His first job was a chemical merchant’s apprentice, but by the time he was twenty-three he had began his own business trading in natural dyes. Bayer was successful, setting himself up in business and trading dyes across Europe.
On August I, 1863, Friedrich Bayer and master dyer Johann Friedrich Weskott establish a modest dyestuff factory in Wuppertal-Barmen, Germany. The firm was renamed Friedrich Bayer & Co to reflect the new partnership.

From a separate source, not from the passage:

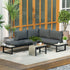 4 Seater L Shaped Aluminium Sectional Garden Furniture Set with 2 Loveseats and Wood-Plastic Coffee Table - Dark Grey
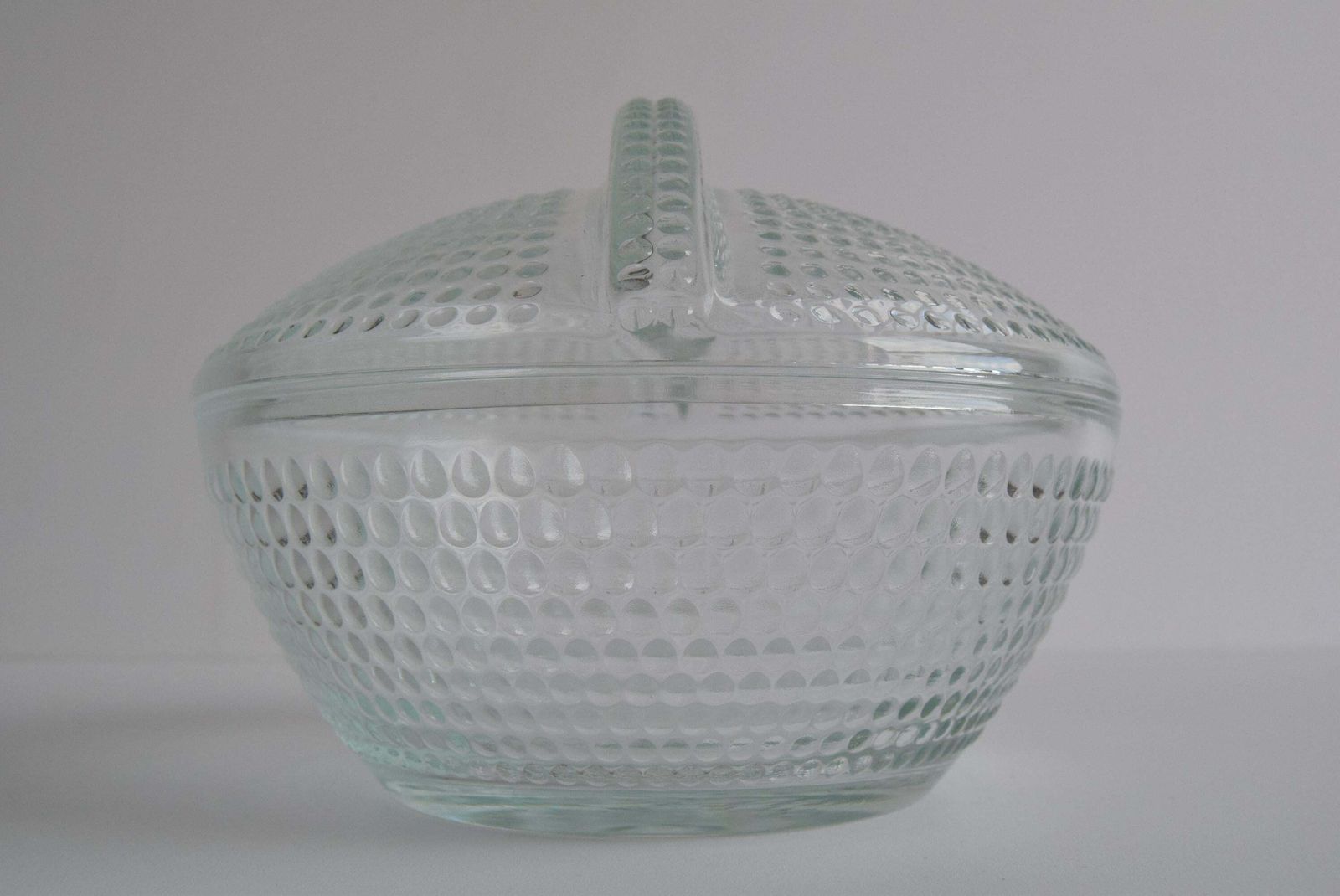 Glass Candy Bowl, Sugar Bowl, By Adolf Matura For Libochovice Glass Factory photo for sale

Bayer became the general manager while Weskott assumed the role of the technical director. Weskott knew everything about dyeing: he was already running a successful dyeing business evolving twelve men.
Their expertise lay in natural dyes, but the company they founded was set up to exploit the vast potential of the exciting synthetic aniline dyes that were beginning to appear.
The partners managed to produce their own version of fuchsine dye in small premises attached to Bayer’s house but lost much of their initial profit in compensation payments when irate neighbors complained about waste chemicals polluting the local drinking water.
Friedrich Bayer, as a trader, of natural dyes, had sales connections in many German cities as well as in Brussels, Amsterdam, Bradford (England), New York, and St. Petersburg.
Bayer has its headquarters in Leverkusen, North Rhino-Westphalia, Germany. Bayer was one of the important German chemical companies of the late 19th and 20th centuries.
In 1880, died, followed a year later by Weskott and the reins were picked up by Carl Rumpff, Bayer’s son-in-law.